What you return must be exactly the lines from the beginning of the material through the line containing "Ein Segelboot mit", both included, and no pictures.
# # # #
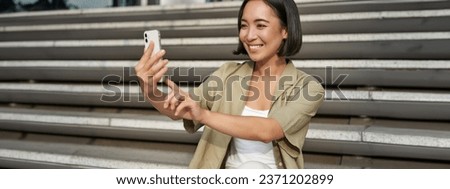Portrait of asian beautiful girl takes selfie on smartphone. Young korean woman sits on stairs outdoors and makes photos on mobile phone.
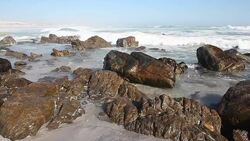 Waves on the beack breaking over the rocks Stock Footage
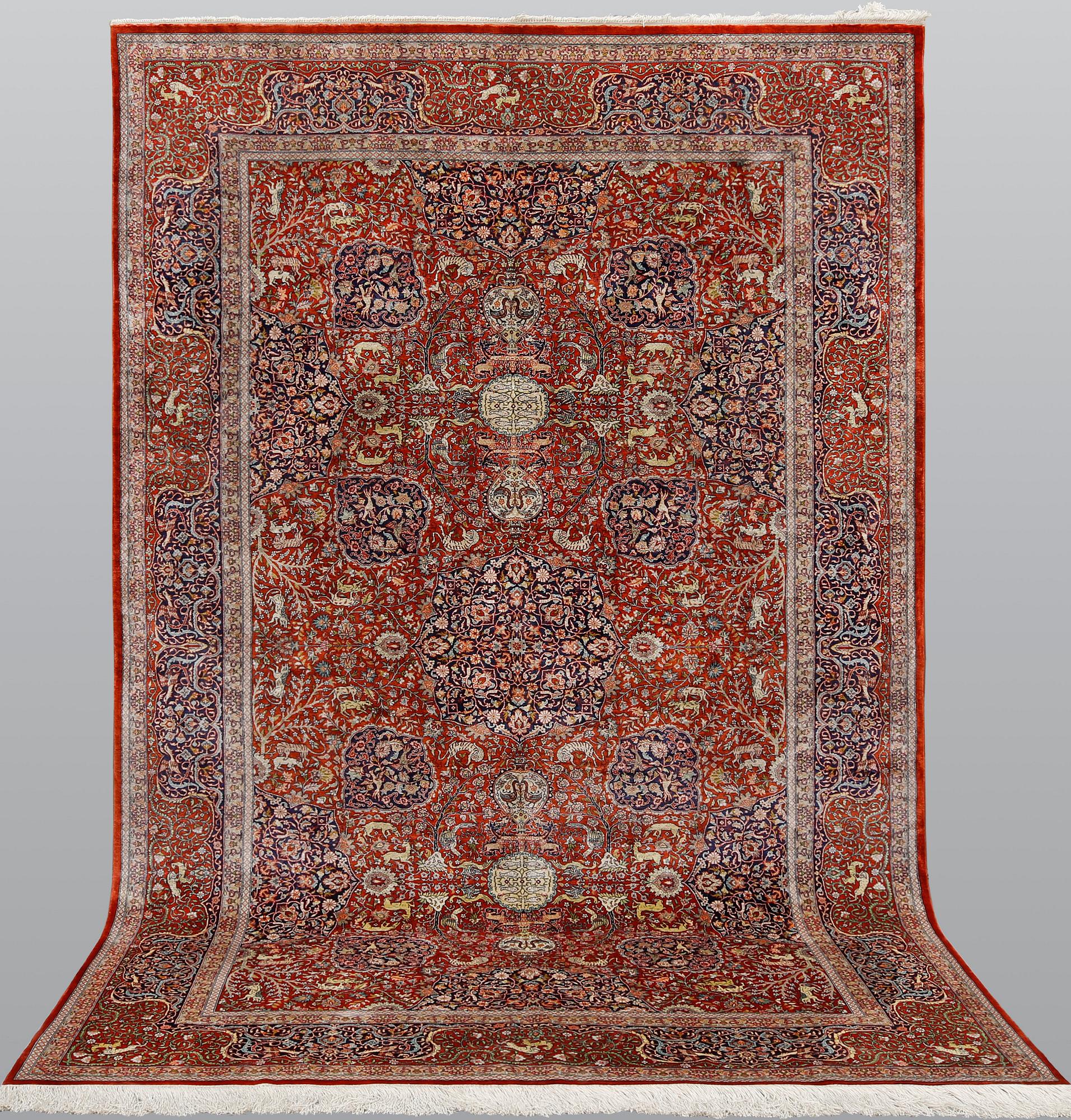 A pictoral orietal silk rug, 246 x 153 cm.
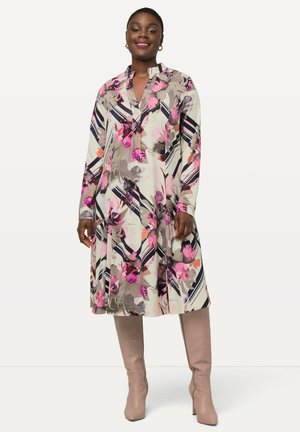 Abito di tessuto leggero con stampa floreale in rosa, grigio e nero, dotato di colletto e maniche lunghe, abbinato a stivali beige al ginocchio.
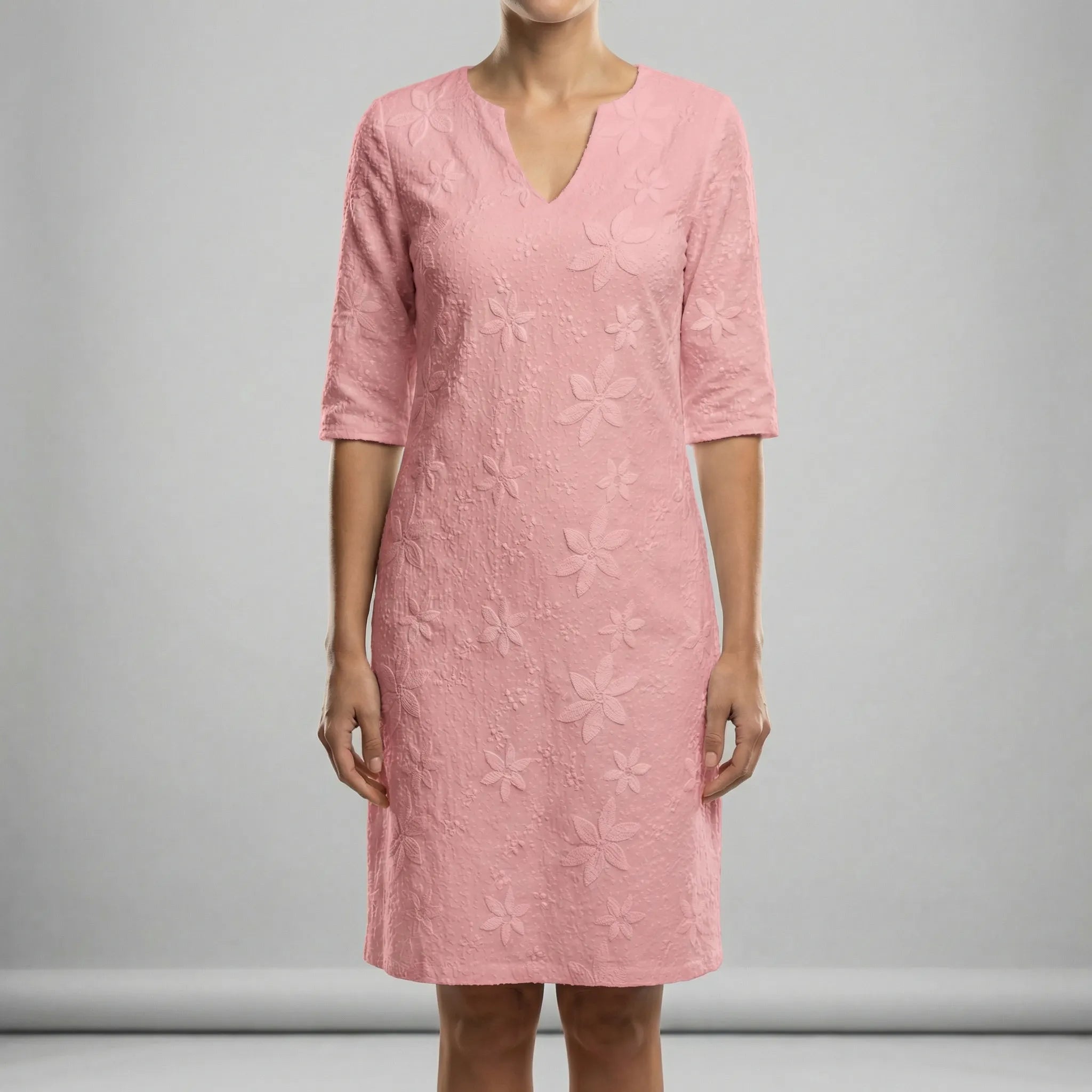 Pink dress with floral pattern on a gray background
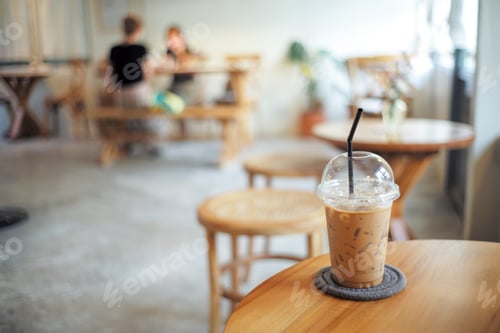 Preview: Ice coffee in the plastic glass on the wooden table at the coffee shop with people in background.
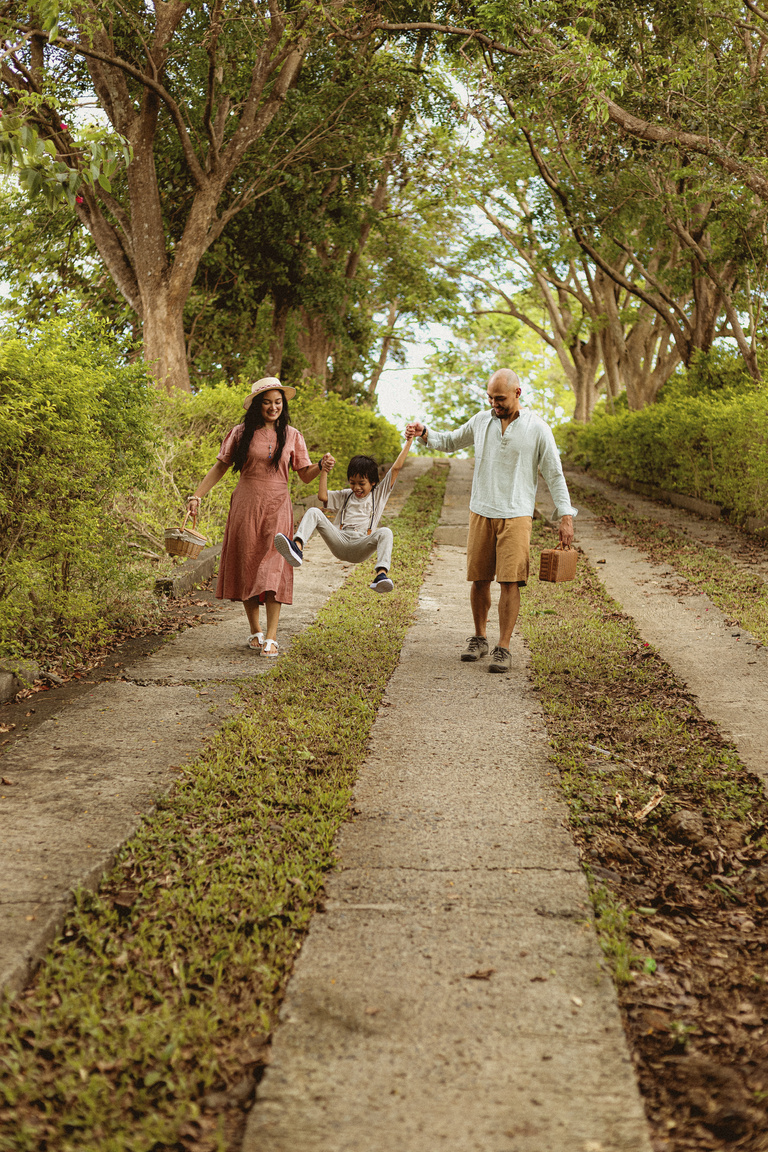 Family of Three Walking Together on Footpath Outdoors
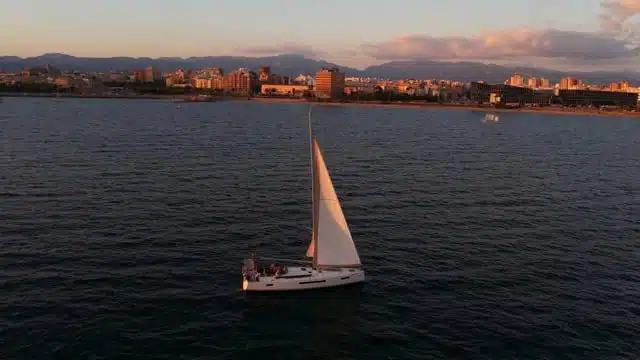 Ein Segelboot mit weißen Segeln gleitet bei Sonnenuntergang auf ruhigen Gewässern in der Nähe einer Küstenstadt. Die Skyline zeigt eine Mischung aus niedrigen und mittelhohen Gebäuden, mit Bergen im Hintergrund und einem teilweise bewölkten Himmel darüber.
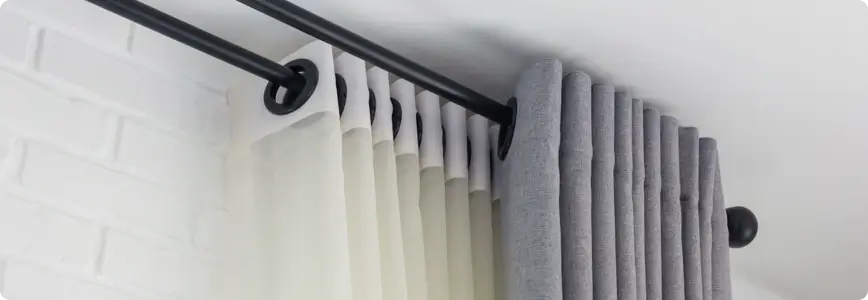 Closeup of a double curtain rod with white curtains layered behind grey blackout drapes.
# # # #
Solved problem:
Portrait of asian beautiful girl takes selfie on smartphone. Young korean woman sits on stairs outdoors and makes photos on mobile phone.
 Waves on the beack breaking over the rocks Stock Footage
 A pictoral orietal silk rug, 246 x 153 cm.
 Abito di tessuto leggero con stampa floreale in rosa, grigio e nero, dotato di colletto e maniche lunghe, abbinato a stivali beige al ginocchio.
 Pink dress with floral pattern on a gray background
 Preview: Ice coffee in the plastic glass on the wooden table at the coffee shop with people in background.
 Family of Three Walking Together on Footpath Outdoors
 Ein Segelboot mit weißen Segeln gleitet bei Sonnenuntergang auf ruhigen Gewässern in der Nähe einer Küstenstadt. Die Skyline zeigt eine Mischung aus niedrigen und mittelhohen Gebäuden, mit Bergen im Hintergrund und einem teilweise bewölkten Himmel darüber.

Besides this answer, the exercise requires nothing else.